¿Un mundo sin nombre?


Alexander Naime
El mundo es cada vez más salvaje y el caos parece haberse convertido en el lugar común. Ya no valen ni las leyes ni los principios. La fuerza y el miedo dominan, y en donde el discurso civilizatorio parece ya no tener sentido. Las potencias nucleares y económicas son incapaces de imponer un orden mundial, no porque carezcan de recursos, sino porque no comprenden los términos del nuevo juego. La sensación es clara: el tablero ha cambiado y los viejos jugadores ya no saben cómo moverse.
Sin embargo, visto en perspectiva, estamos viviendo tiempos extraordinarios, quizás únicos en la historia de la humanidad. Es, sin duda, el final de una época y, al mismo tiempo, el nacimiento de otra. Un mundo se desvanece, hecho cada vez más frágil, contradictorio y difuso. Esto sucede a nivel global, pero también se manifiesta con intensidad en lo local. Los antiguos órdenes cambian o colapsan, y muchos de ellos lo hacen sin un destino claro ni una dirección reconocible.
En lo más profundo, en lo más íntimo de las sociedades, y de manera silenciosa pero constante, las relaciones sociales están mutando. No solo cambian los sistemas de valores, sino también las ideas que sostenían la familia, la educación, la espiritualidad, el amor, el consumo, e incluso las formas más cotidianas de comer o divertirnos. Todo ello va perfilando un nuevo orden social que, paradójicamente, aún no somos capaces de nombrar.
Las condiciones mismas de la vida se están transformando. La irrupción de nuevas tecnologías ha trastocado el sentido de ser en sociedad. El individuo, cada vez más aislado, vive desconectado de la comunidad. La vida colectiva se ha hecho menos solidaria y más competitiva. El individualismo avanza sin freno, alimentado por los mismos dueños del poder que lo promueven, sabiendo que una sociedad fragmentada es más fácil de dominar.

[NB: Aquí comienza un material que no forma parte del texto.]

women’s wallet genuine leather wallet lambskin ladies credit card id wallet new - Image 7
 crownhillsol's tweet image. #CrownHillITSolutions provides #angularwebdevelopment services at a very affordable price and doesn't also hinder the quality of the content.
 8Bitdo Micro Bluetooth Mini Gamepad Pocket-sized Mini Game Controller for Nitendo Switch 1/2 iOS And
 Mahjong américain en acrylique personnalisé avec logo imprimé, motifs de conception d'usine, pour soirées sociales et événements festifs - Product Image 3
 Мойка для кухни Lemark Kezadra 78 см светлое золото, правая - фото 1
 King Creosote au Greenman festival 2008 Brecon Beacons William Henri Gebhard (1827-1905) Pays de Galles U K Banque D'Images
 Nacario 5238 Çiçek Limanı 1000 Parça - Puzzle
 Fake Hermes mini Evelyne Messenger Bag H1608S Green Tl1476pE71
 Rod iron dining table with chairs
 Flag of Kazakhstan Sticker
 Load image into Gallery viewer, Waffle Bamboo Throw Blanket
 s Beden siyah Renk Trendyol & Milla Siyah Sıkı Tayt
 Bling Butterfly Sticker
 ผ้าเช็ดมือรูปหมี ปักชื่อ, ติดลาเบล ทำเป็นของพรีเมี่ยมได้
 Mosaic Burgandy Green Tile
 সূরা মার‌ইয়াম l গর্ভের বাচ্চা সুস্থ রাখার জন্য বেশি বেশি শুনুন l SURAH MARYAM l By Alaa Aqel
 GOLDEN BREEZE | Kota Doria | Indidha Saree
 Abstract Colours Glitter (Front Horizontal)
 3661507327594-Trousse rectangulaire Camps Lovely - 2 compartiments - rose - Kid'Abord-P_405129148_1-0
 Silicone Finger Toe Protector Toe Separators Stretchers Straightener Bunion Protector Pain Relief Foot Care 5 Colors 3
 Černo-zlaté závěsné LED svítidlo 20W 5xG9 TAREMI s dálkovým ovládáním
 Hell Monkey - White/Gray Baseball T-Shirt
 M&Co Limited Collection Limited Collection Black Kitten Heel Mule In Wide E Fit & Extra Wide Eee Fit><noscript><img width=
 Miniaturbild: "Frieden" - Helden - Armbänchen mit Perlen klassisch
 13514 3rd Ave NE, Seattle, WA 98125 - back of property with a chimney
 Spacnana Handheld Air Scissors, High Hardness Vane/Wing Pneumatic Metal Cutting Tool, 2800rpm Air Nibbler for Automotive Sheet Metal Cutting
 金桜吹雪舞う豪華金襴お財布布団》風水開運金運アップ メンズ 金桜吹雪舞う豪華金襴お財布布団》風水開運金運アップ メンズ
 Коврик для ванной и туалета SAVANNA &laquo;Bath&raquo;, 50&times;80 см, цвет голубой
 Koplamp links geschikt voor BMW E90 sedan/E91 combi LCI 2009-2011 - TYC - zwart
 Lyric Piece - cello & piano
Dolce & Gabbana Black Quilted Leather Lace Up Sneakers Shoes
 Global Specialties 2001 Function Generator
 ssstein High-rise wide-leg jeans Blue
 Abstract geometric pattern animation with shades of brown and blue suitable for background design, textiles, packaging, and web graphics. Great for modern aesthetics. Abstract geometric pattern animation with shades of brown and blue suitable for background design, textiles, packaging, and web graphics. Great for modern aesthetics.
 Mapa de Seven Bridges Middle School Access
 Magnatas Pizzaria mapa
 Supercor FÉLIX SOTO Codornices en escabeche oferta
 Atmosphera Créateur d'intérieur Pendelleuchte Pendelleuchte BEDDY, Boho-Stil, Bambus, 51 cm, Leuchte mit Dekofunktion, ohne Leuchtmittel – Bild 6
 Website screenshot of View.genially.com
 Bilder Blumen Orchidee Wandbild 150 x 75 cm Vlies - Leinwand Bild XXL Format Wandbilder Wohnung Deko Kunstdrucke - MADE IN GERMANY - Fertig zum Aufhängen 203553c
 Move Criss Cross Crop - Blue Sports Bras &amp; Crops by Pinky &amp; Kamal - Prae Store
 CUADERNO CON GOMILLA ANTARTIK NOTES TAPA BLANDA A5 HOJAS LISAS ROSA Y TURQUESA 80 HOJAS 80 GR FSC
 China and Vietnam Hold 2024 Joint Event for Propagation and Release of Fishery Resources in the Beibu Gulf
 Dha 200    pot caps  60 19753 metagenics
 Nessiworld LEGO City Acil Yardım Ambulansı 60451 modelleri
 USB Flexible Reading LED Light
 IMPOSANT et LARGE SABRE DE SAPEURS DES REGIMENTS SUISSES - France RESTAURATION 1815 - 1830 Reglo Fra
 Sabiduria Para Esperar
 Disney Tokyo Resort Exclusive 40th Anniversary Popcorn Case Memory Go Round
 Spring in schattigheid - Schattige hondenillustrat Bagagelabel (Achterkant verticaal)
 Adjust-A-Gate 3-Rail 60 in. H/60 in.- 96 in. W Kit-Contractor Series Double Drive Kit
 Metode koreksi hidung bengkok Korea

El filósofo surcoreano Byung-Chul Han ha descrito este fenómeno como la “sociedad del rendimiento” y del “cansancio”, donde cada sujeto se explota a sí mismo creyéndose libre. En esta nueva configuración, el culto al yo ha reemplazado al vínculo comunitario. Lo que parecía emancipación ha resultado en una forma más sutil, pero no menos cruel, de dominación. La autoexplotación, la constante exposición en redes sociales, el deseo de agradar, son mecanismos que fortalecen la lógica del sistema bajo el disfraz de libertad personal.
En este mundo que se desvanece, la búsqueda desesperada de afecto y de sentido se canaliza a través de WhatsApp, de las redes sociales y, más recientemente, mediante la inteligencia artificial. Pero en muchos casos, estas herramientas se convierten en espejos narcisistas, donde prima el culto a uno mismo. Aun así, persiste, casi como un susurro, la necesidad de rescatar lo mejor del pasado: los afectos sinceros, los vínculos reales, los espacios comunes.
Mientras tanto, pululan falsos profetas por todas partes. Han secuestrado el destino de las sociedades y les imponen nuevos yugos. Los marginados de siempre, los desplazados de todos los sistemas siguen sin lugar en este nuevo mapa, mientras el poder se redibuja sin transparencia ni consenso.
En fin, estamos frente a un mundo que aún no alcanzamos a nombrar, pero que claramente está naciendo. Tal vez eso —esa ambigüedad, ese desconcierto, esa mezcla de ruina y génesis— sea lo más fascinante de estos tiempos. Porque a pesar del desorden, del miedo, de la incertidumbre, una nueva etapa se está perfilando. Y nosotros, para bien o para mal, somos sus protagonistas.